CTC Examples

Traits are really just a normal NBT stored inside the item, nothing is special about them from the minecraft engine but we make this convention to standardize a way to communicate using these NBT.

There are two ways to use this nbt in your datapack, as a "producer" and a "consumer".

  • For the producer, you will specify the necessary traits into your custom item and tell the consumer how to handle your custom item using those traits.
  • For the consumer, you will write a code to check for those traits and handle them accordingly.

Creating a custom item

Since trait is really just a normal NBT in an item.

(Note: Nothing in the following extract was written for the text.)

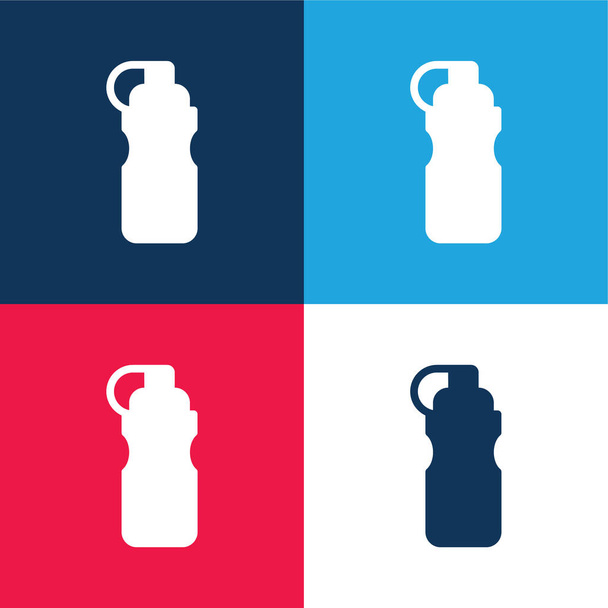 Пляшка синього і червоного чотирьох кольорів мінімальний набір піктограм
 - Вектор, зображення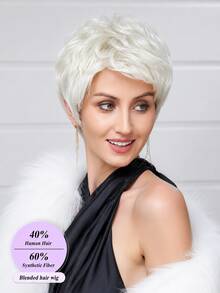6 Inch Short Pixie Cut Wig For Women - 40% Human Hair Blended Wavy Bob Wig Platinum Blonde Natural Looking Breathable Cap Daily Wear Hairpiece - SWhite - View 7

When you want to create a custom item you just need to attach the ctc field to it as well.

/give @s diamond_sword{CustomModelData: 1234567, ctc: {id: 'light_saber', from: 'example:light_saber', traits: {'tool/weapon': 1b, 'metal/platinum': 1b}}, display: {Name: 'Light Saber'} }
#                                 ^^^^^^^        ^^^^^^^^^^^^^^^^^^^^^^^^^^^^^^^^^^^^^^^^^^^^^^^^^^^^^^^^^^^^^^^^^^^^^^^^^^^^^^^^^^^^^^^^^^^^^^^^^^^^^^^^
#                                  ^ You might want your custom item to have a custom texture         ^
#                                                                                                     ^ The ctc field

Or you can specify it in the loot table form like this

	"pools": [
			"rolls": 1,
			"entries": [
					"type": "minecraft:item",
					"name": "minecraft:diamond_sword",
					"functions": [
							"function": "minecraft:set_nbt",
							"tag": "{CustomModelData: 1234567}"
							"function": "minecraft:set_nbt",
							"tag": "{ctc: {id: 'light_saber', from: 'example:light_saber', traits: {'tool/weapon': 1b, 'metal/platinum': 1b}}}"

Checking for trait item

This check is usually used for checking a general item that might be from other datapack as well.

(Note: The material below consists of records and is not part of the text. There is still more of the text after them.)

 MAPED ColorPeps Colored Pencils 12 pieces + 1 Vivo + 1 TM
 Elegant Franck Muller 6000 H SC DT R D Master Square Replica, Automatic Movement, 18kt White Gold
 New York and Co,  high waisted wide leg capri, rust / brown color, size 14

Suppose we are creating a datapack that will display some special effect when the player is holding a weapon (i.e. health indicator, but that's left to the implementation).
In this case, we can take advantage of the tool/weapon trait but do note that you also need to take vanilla's weapon into account as well.

We will write a function that is called on the player and check if it should display that special effect:

# First, check for non-ctc vanilla items to see if the player is holding a weapon
execute unless data entity @s SelectedItem.tag.ctc if predicate example:is_holding_weapon run function example:display_special_effect

# Then check for the actual trait
execute if data entity @s SelectedItem.tag.ctc.traits{'tool/weapon': 1b} run function example:display_special_effect
  • if predicate example:is_holding_weapon is a pseudo-predicate that check whether the player is holding a weapon in their hand
  • function example:display_special_effect is a pseudo-function that execute the core feature of this datapack, the implementation of this function is irrelevant to this example.

Checking for trait item inside your datapack

There are situations where you only want to check for your own custom item and not other similar trait items. In this case, you can just check for the ctc.id and ctc.field directly.

The rule for when to use a trait check or an explicit check is basically about whether it's "external" or "internal".
Only use trait check for the function that wants to support other external items and only use explicit check for internal implementation that would cause a problem if it were other items.

The Misconceptions

  1. The convention does not have a limited set of traits you can use.
    The convention itself only enforce the syntax of the ctc field, the traits provided in the convention is simply a commonly used one but you are free to create new trait as you see fit.

  2. The convention is an opt-in system where you can specify what kind of behavior do you want from other datapacks.
    You are not required to correctly set the traits of your custom item base on its material or texture. The choice of choosing the trait for a custom item is on the author of the datapack.